Opinion
No. 12109.
Decided September 22, 1971.
Original Proceedings for Post Conviction Relief.
MEMO OPINION
Petitioner was convicted of second degree burglary by a jury in the District Court of Park County.
Petitioner's conviction and that of his codefendant Jack Martin Peterson was affirmed by this Court in State v. Evans and Peterson, 154 Mont. 61, 460 P.2d 262. On that appeal it was contended that the evidence was insufficient to support the conviction. We found this contention to be without merit and affirmed the conviction.

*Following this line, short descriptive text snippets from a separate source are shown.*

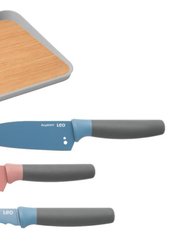 BergHOFF Leo 4PC Stainless Steel Knife Set with 16" Bamboo Cutting Board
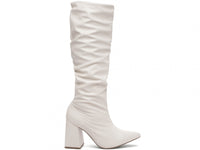 Bota Franzida Feminina Off White em Napa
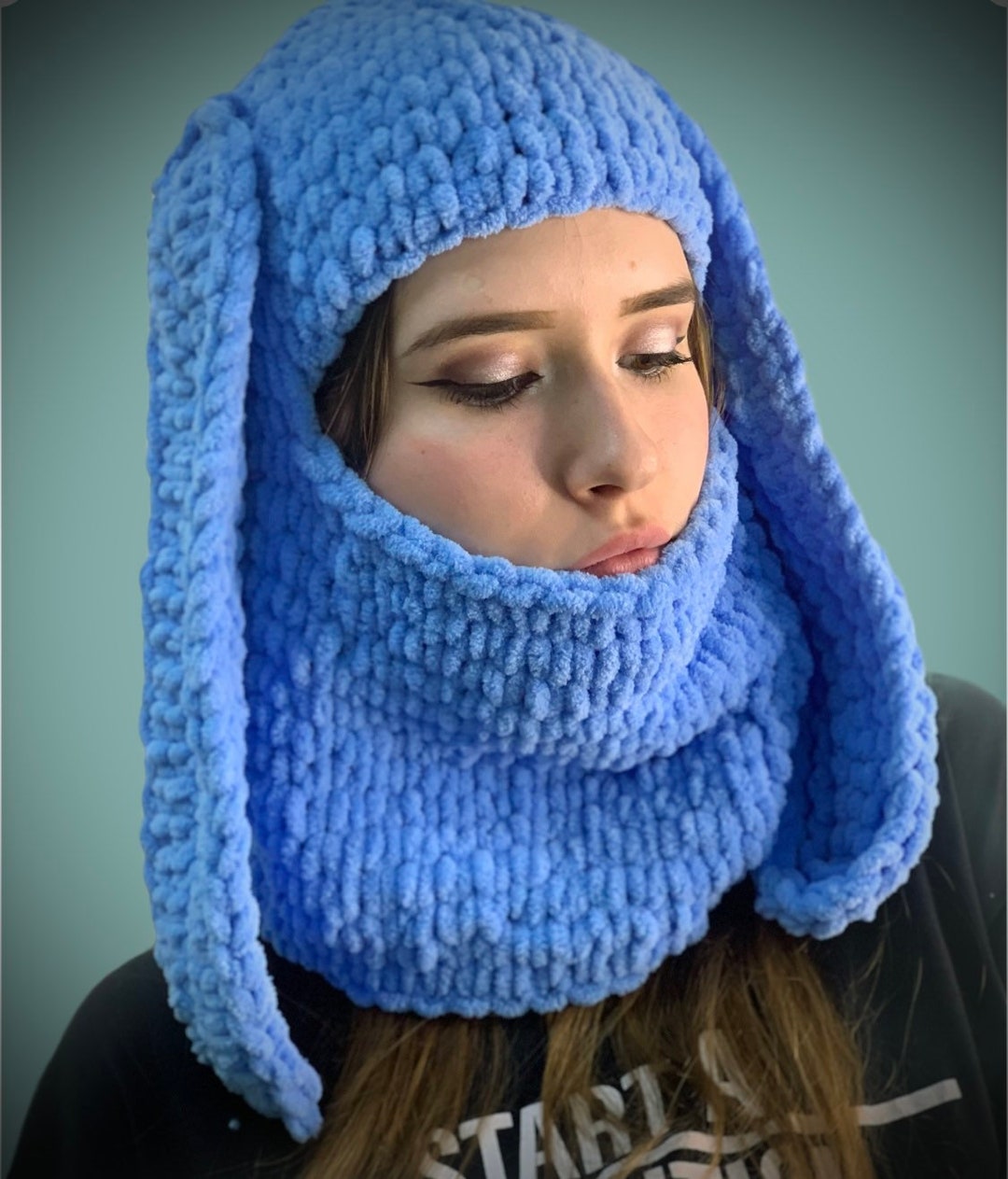 Bunny Balaclava Ears Merino Wool Hat Light Blue main image 0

Subsequently a petition by petitioner's codefendant for post-conviction relief, urging the denial of the Fourteenth Amendment's right to effective representation of counsel, was denied. See In re Petition of Peterson, 155 Mont. 239, 467 P.2d 281. Peterson then proceeded in the United States District Court for the District of Montana, Butte Division, which held in its opinion and order #1892 that at the point of the trial when a witness, Davis, who had come upon the scene and found petitioner Evans hiding behind a shop testified that:
"Q. What did you and Mr. Evans do? A. Well, I told him to get his partner and we would go out to the car there. And he says, what partner? He says, I don't know anything. I said, I know there is another fellow along because I can see his tracks leading to the cow shed. He says, well, I don't know anything, I am just riding along. He said this fellow that he was with broke some horses up the creek here and the fellow wouldn't pay him and he was after the saddles."
The federal court felt that this testimony developed a conflict of interest requiring Peterson to have the benefit of independent counsel.
Because Peterson should have the benefit of independent counsel for the purpose of cross-examination and determining the procedure to be followed, it does not follow as a corollary that Evans was likewise required to have independent counsel.
Evans' admission did not require cross-examination. In Wigmore on Evidence, § 1048(1) (a), and (2), it states:
"Thus, in effect and broadly, anything said by the party-opponent may be used against him as an admission, provided it exhibits the quality of inconsistency with the facts now asserted by him in pleadings or in testimony. (This proviso never needs to be enforced, because no party offers this his opponent's statement unless it does appear to be inconsistent.)
"(2) But, regarded from the point of view of the legal rules of Admissibility, the party's extrajudicial statements, like all other extrajudicial statements, are met and challenged by the Hearsay rule ( post, § 1361). How is it, then (since they are nevertheless admissible against the party-opponent), that they are able to pass the gauntlet of the Hearsay rule when they are offered for him (unless they can satisfy some exception to that rule); but that they do pass the gauntlet when they are offered against him as opponent, because he himself is in that case the only one to invoke the Hearsay rule and because he does not need to cross-examine himself."
It is apparent then that any resulting conflict of interest is predicated upon the testimony being inadmissible or excludable at the discretion of defense counsel; such is not the case as to Evans.
The statement was properly admissible as to Evans, it was a part of the res gestae, an admission and separate counsel would have been of no avail.
The claim then is without merit. The relief sought is denied and the proceeding is dismissed.